**EXERCISE PROMPT**:
When you copy the material below, keep every line exact and leave each picture out.

**DATASET CONTENT**:
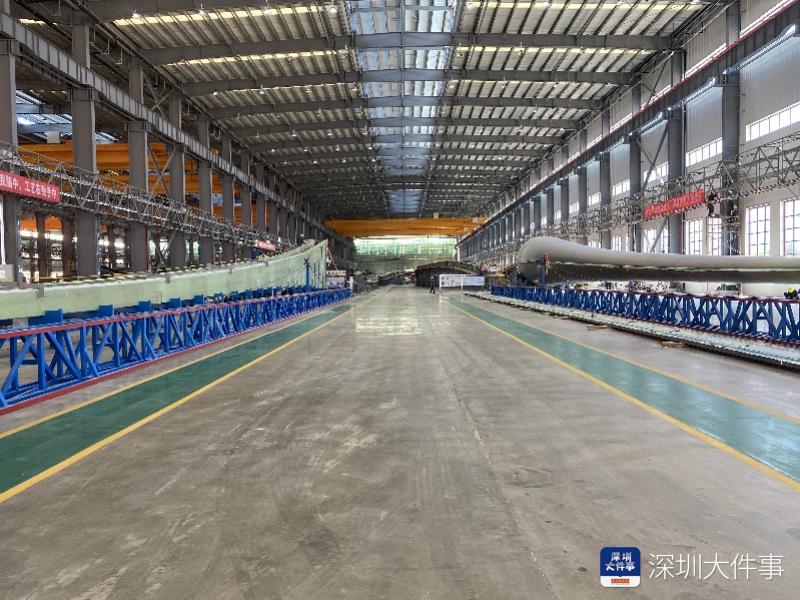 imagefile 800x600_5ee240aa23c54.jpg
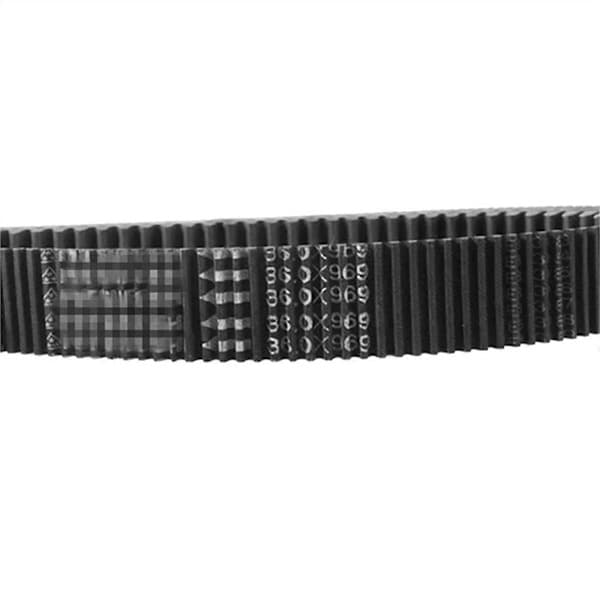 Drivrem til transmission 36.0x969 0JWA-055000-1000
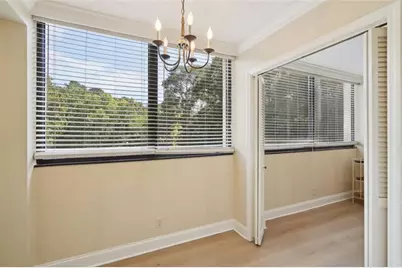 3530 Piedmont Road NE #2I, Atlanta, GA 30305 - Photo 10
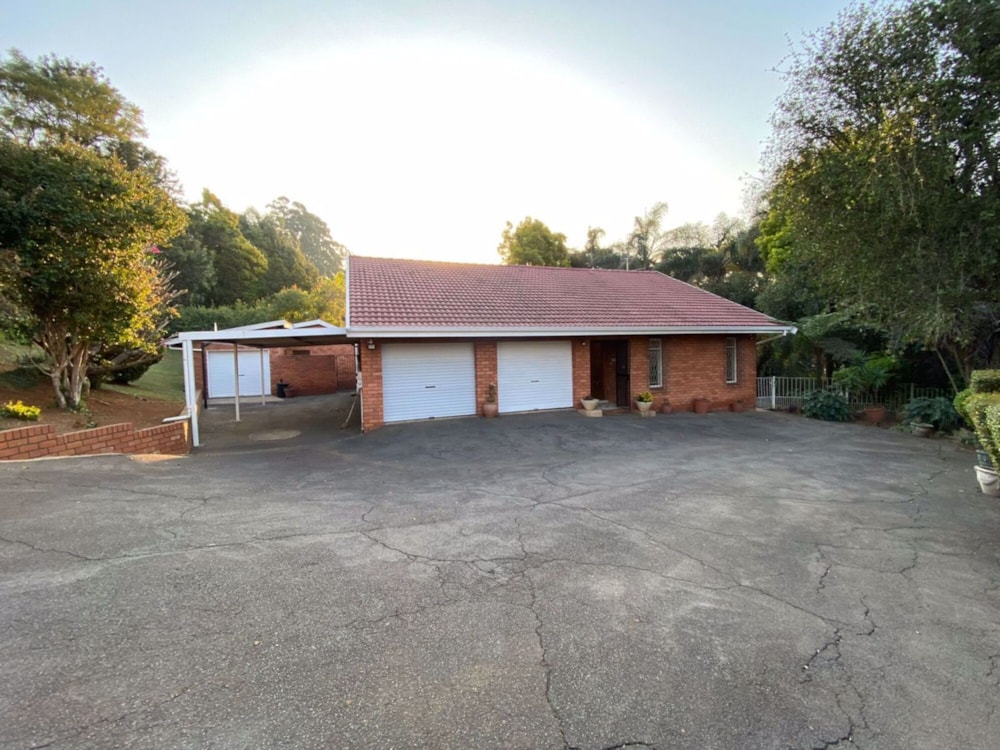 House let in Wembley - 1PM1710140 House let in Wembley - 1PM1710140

**WORKED SOLUTION**:
 imagefile 800x600_5ee240aa23c54.jpg
 Drivrem til transmission 36.0x969 0JWA-055000-1000
 3530 Piedmont Road NE #2I, Atlanta, GA 30305 - Photo 10
 House let in Wembley - 1PM1710140 House let in Wembley - 1PM1710140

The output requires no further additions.